**EXERCISE:**
Every line from the one with "Первая помощь при" through the end of the entries below should be written out exactly; the pictures should not.

(Short web captions)
★ ★ ★ ★

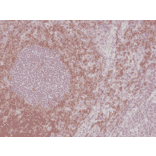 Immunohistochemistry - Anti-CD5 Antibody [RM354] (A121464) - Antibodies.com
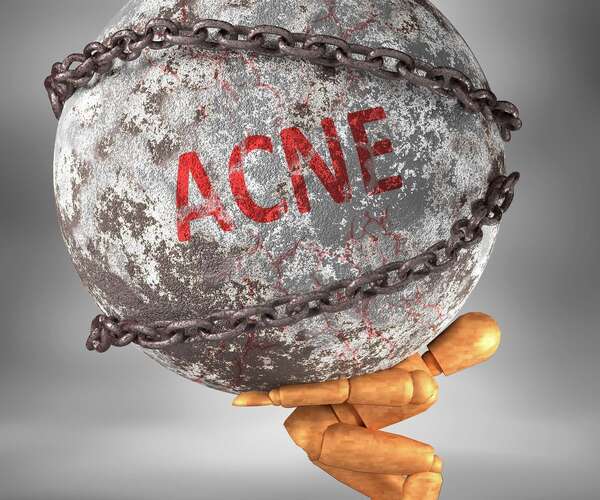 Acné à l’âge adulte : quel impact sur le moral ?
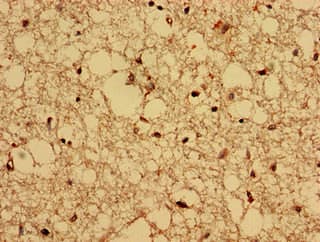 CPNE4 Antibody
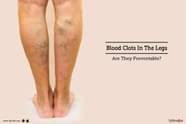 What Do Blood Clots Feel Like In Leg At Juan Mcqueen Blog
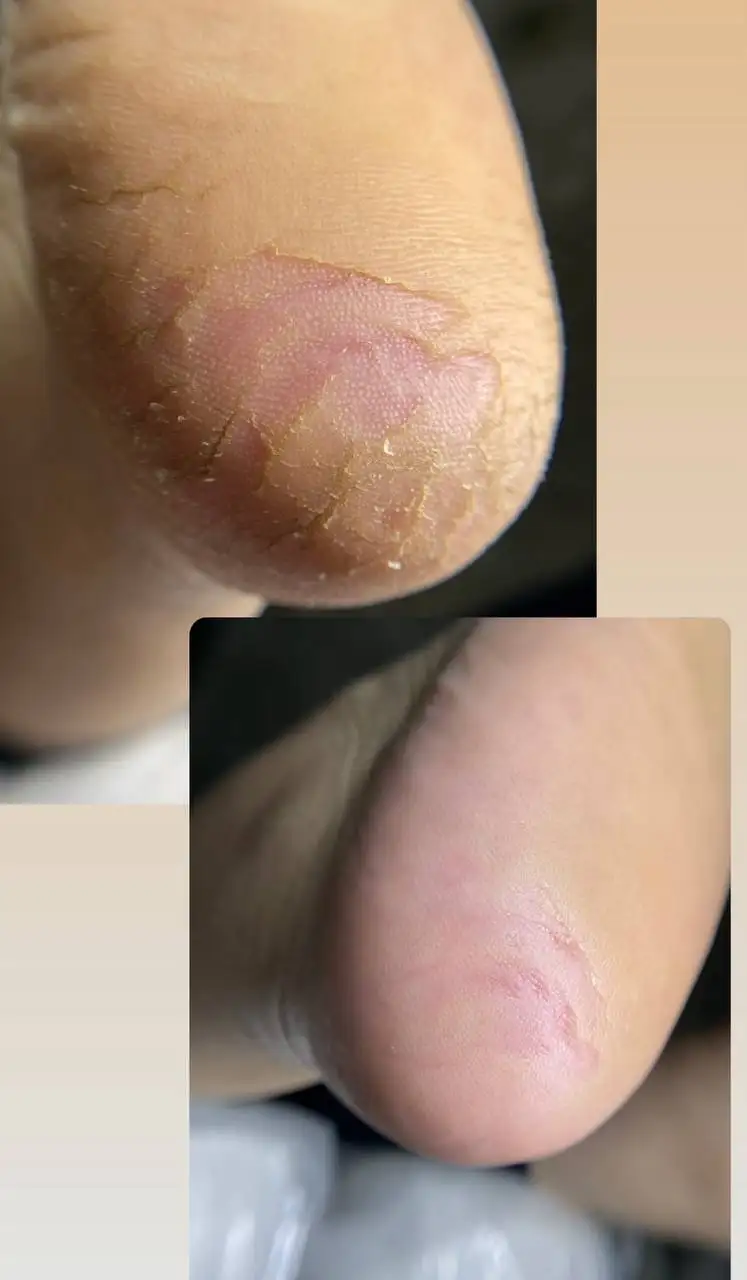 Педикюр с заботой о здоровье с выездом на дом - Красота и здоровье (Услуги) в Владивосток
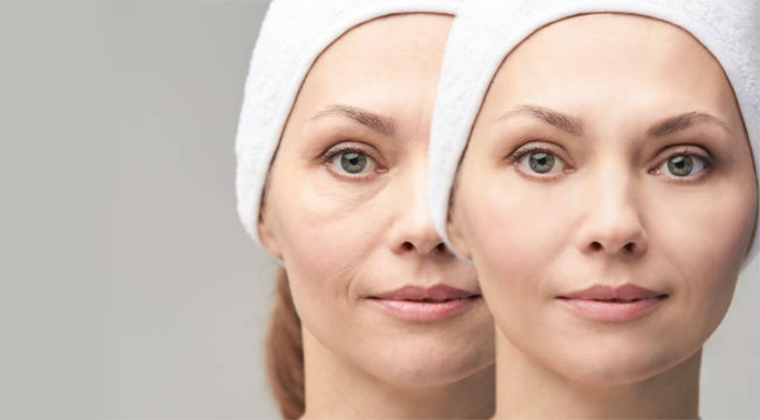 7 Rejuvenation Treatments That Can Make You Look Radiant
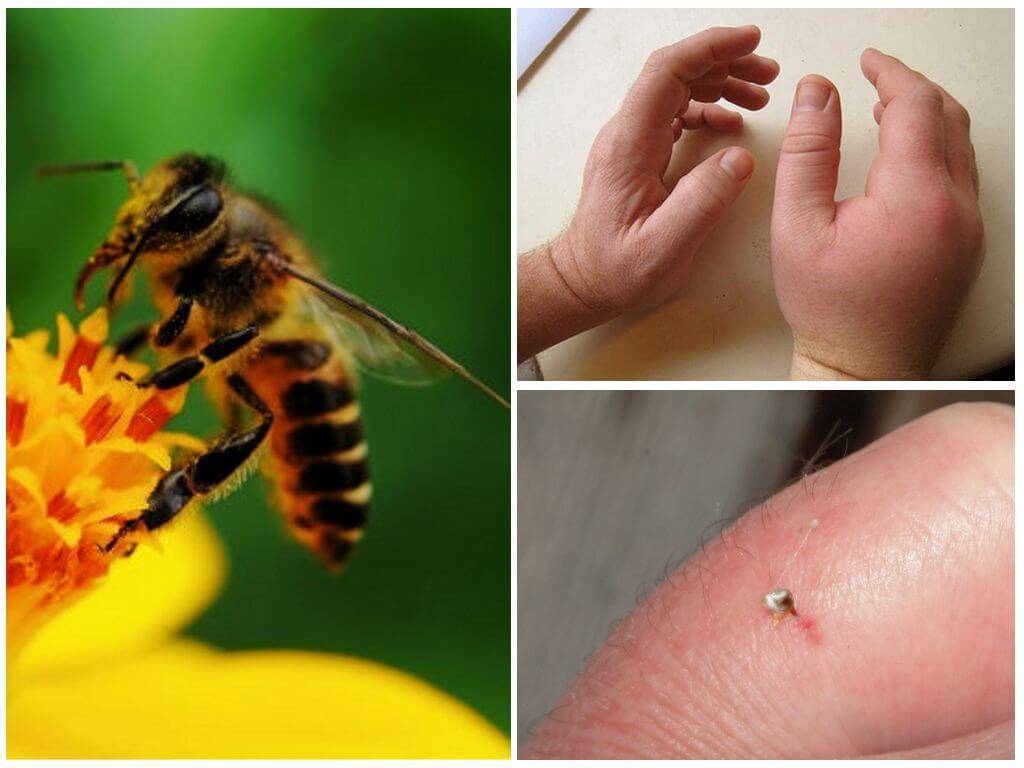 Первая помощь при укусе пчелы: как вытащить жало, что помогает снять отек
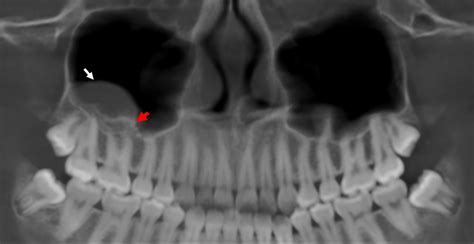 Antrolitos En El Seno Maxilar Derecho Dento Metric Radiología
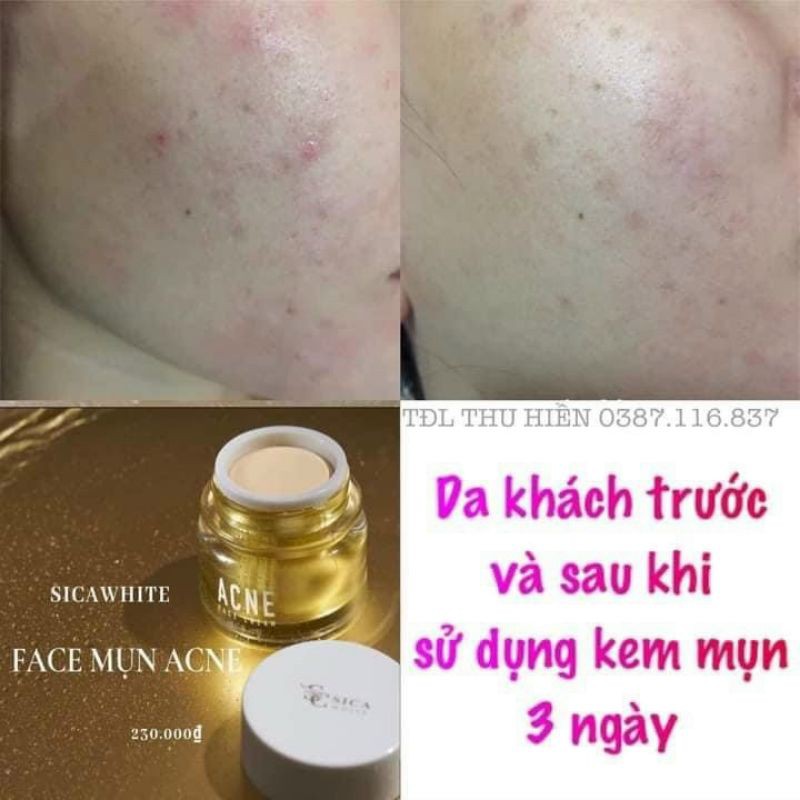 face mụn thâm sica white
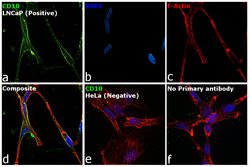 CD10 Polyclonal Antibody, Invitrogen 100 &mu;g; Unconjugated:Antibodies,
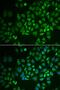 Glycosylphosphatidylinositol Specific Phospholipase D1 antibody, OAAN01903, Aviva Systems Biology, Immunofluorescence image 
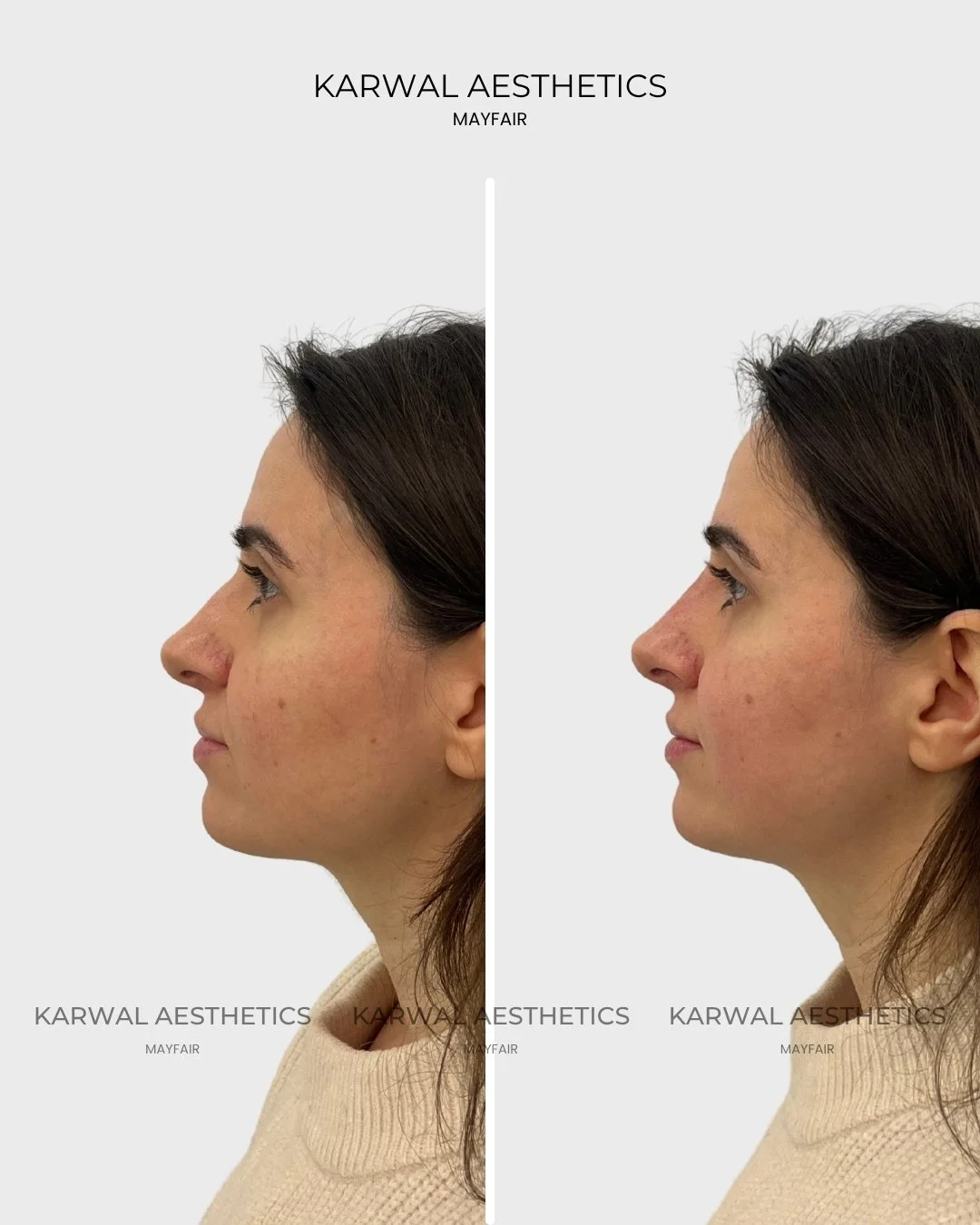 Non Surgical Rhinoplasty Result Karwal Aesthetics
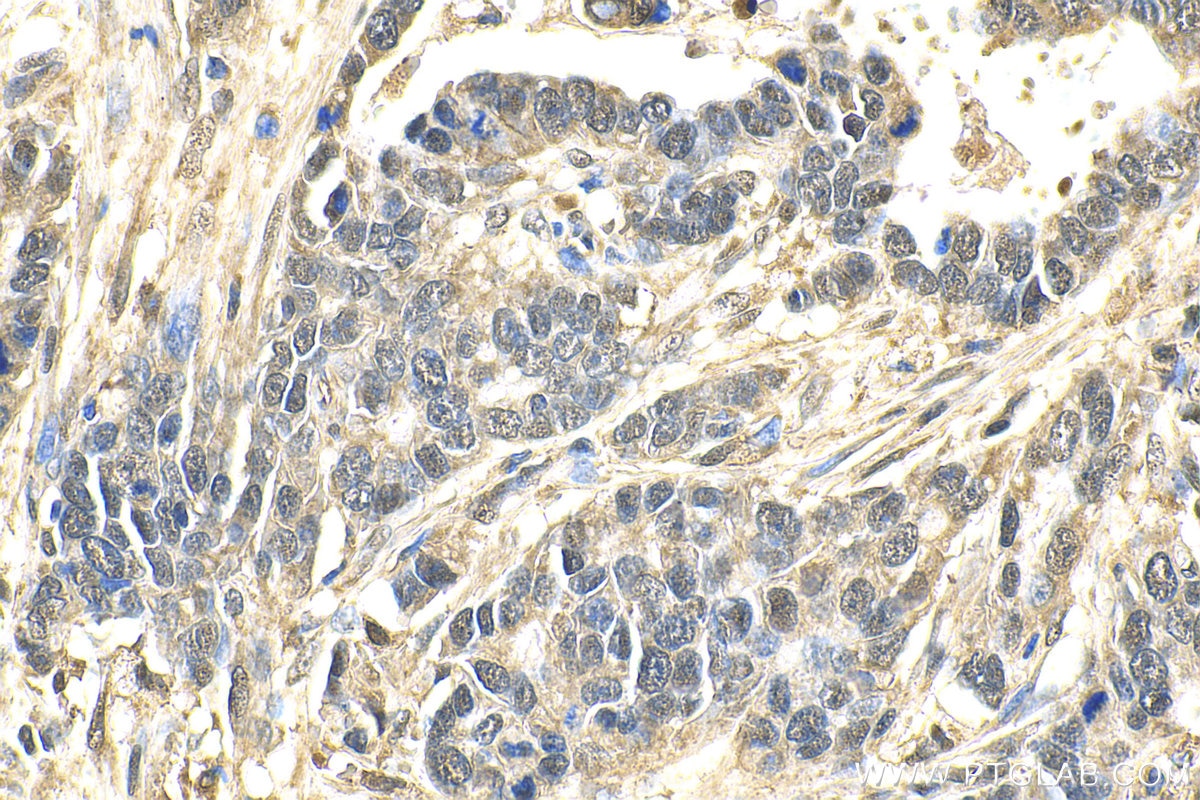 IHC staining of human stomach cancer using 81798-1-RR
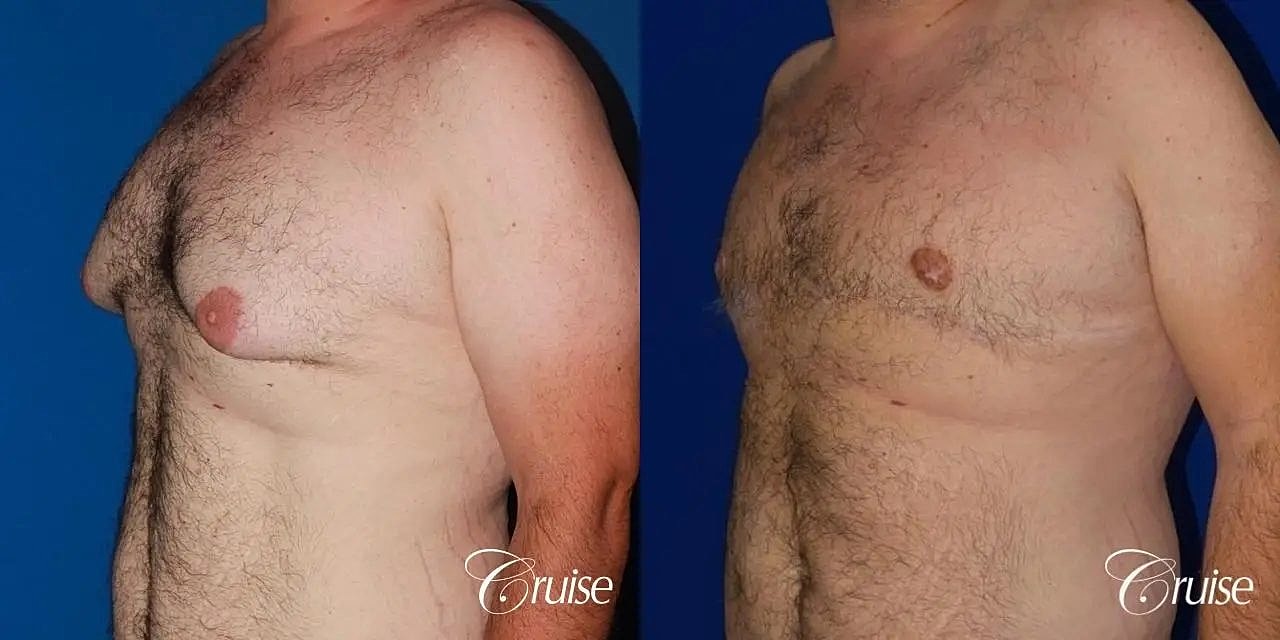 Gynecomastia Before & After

★ ★ ★ ★

**SOLUTION:**
 Первая помощь при укусе пчелы: как вытащить жало, что помогает снять отек
 Antrolitos En El Seno Maxilar Derecho Dento Metric Radiología
 face mụn thâm sica white
 CD10 Polyclonal Antibody, Invitrogen 100 &mu;g; Unconjugated:Antibodies,
 Glycosylphosphatidylinositol Specific Phospholipase D1 antibody, OAAN01903, Aviva Systems Biology, Immunofluorescence image 
 Non Surgical Rhinoplasty Result Karwal Aesthetics
 IHC staining of human stomach cancer using 81798-1-RR
 Gynecomastia Before & After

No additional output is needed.